REQUIREMENT :: Before copying, set aside the pictures; then restate exactly the lines from the one with "Kvetináče a truhlíky" through the last line of the records.

= = =

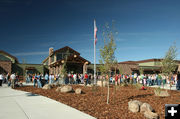 Front of school . Photo by Dawn Ballou, Pinedale Online.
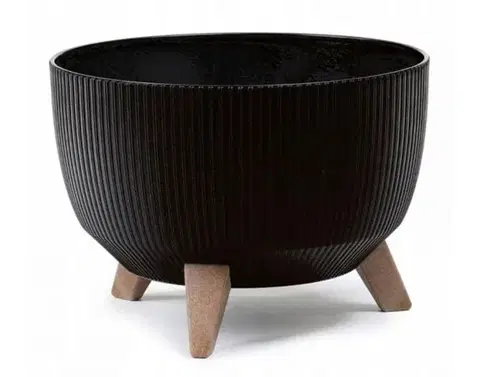 Kvetináče a truhlíky Kinekus Kvetináč plastový, priemer 240mm, ROMA JUMPER, čierny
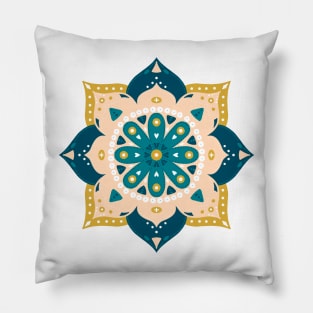 Mandala Teal and Yellow Pillow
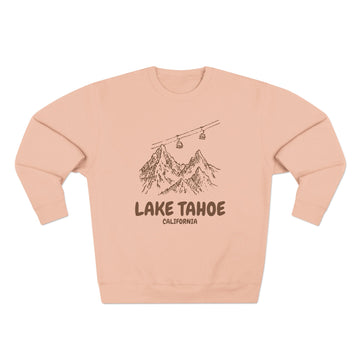 Buy pale-pink Premium Lake Tahoe, California Gondola Ski Mountain Sweatshirt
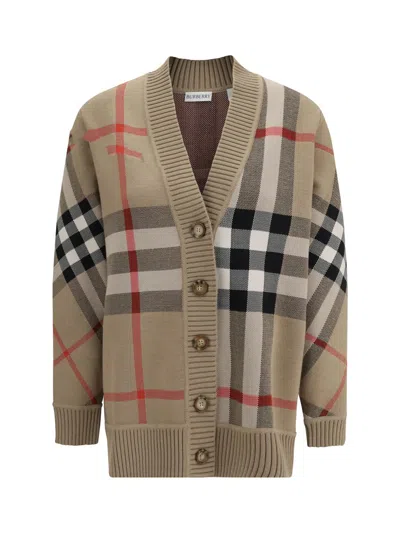 Burberry Women Check Archive Wool Sweater In Gray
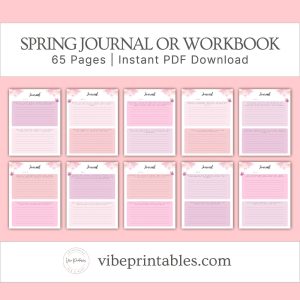 Pink Floral Spring Journal/Workbook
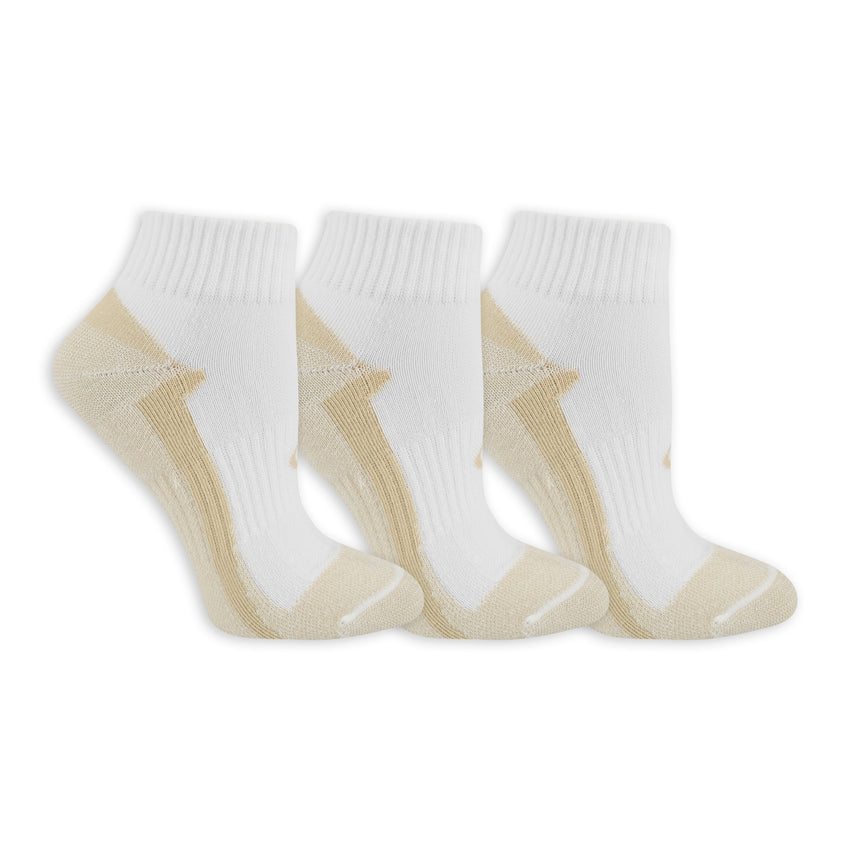 hot sox Copper Sole Women's Extreme Athletic Ankle Socks 3 Pair Pack White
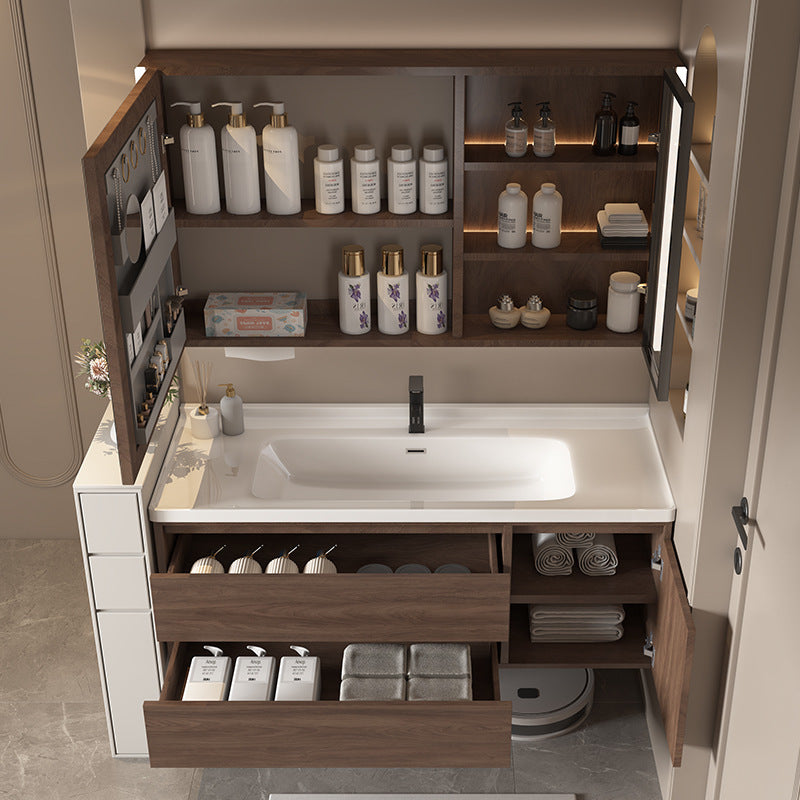 陶瓷一体盆浴室柜胡桃木色实木卫浴柜智能镜柜卫生间洗手洗漱台池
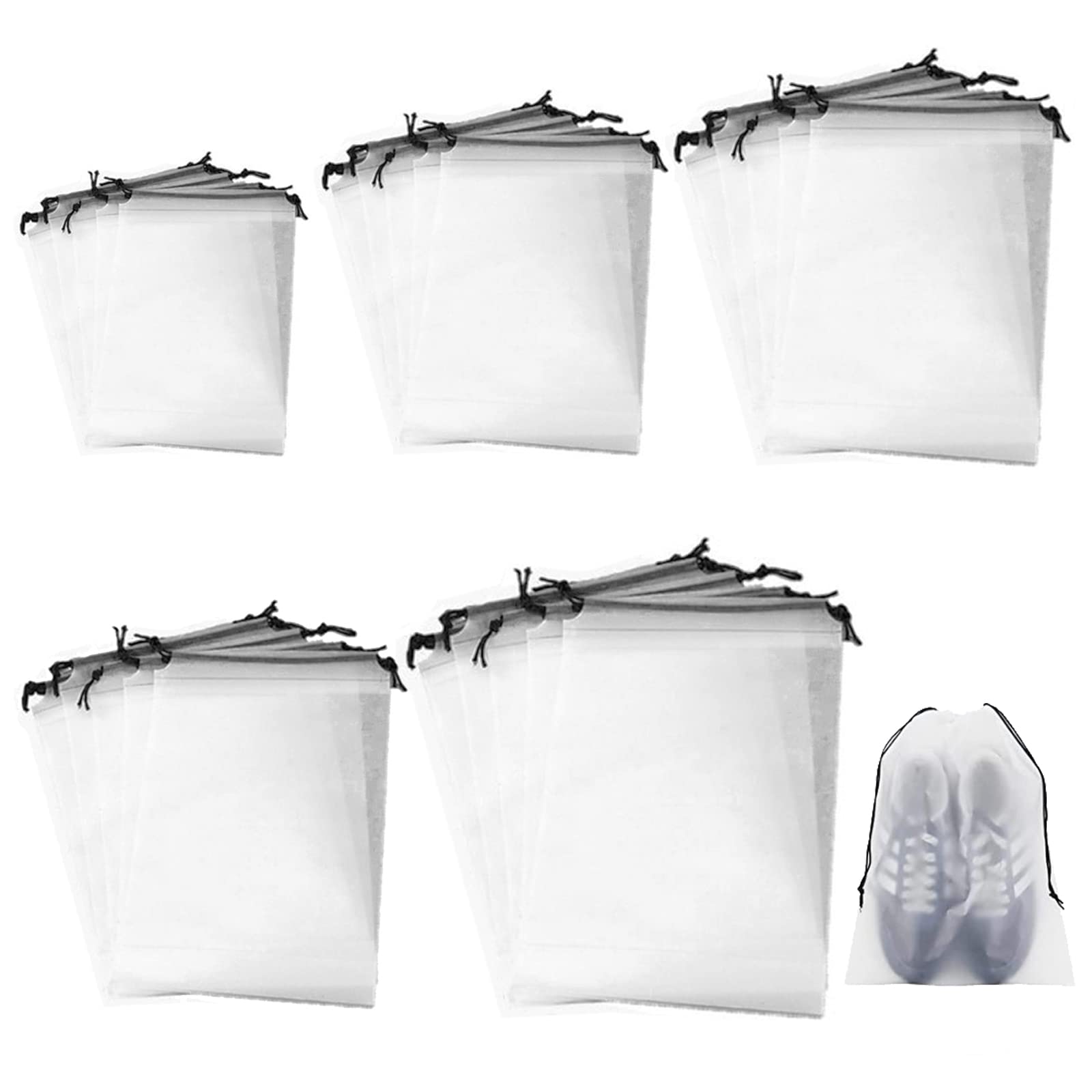 Transparent PE Drawstring Bags 25 PCS Travel Shoe Storage Bag, Clear Waterproof Dustprooof Drawstring Pouch Home or Travel Essential Organiser Bags, for Cosmetics Clothes Shoes Offices Supplies Travel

= = =

WRITTEN REPLY ::
 Kvetináče a truhlíky Kinekus Kvetináč plastový, priemer 240mm, ROMA JUMPER, čierny
 Mandala Teal and Yellow Pillow
 Buy pale-pink Premium Lake Tahoe, California Gondola Ski Mountain Sweatshirt
 Burberry Women Check Archive Wool Sweater In Gray
 Pink Floral Spring Journal/Workbook
 hot sox Copper Sole Women's Extreme Athletic Ankle Socks 3 Pair Pack White
 陶瓷一体盆浴室柜胡桃木色实木卫浴柜智能镜柜卫生间洗手洗漱台池
 Transparent PE Drawstring Bags 25 PCS Travel Shoe Storage Bag, Clear Waterproof Dustprooof Drawstring Pouch Home or Travel Essential Organiser Bags, for Cosmetics Clothes Shoes Offices Supplies Travel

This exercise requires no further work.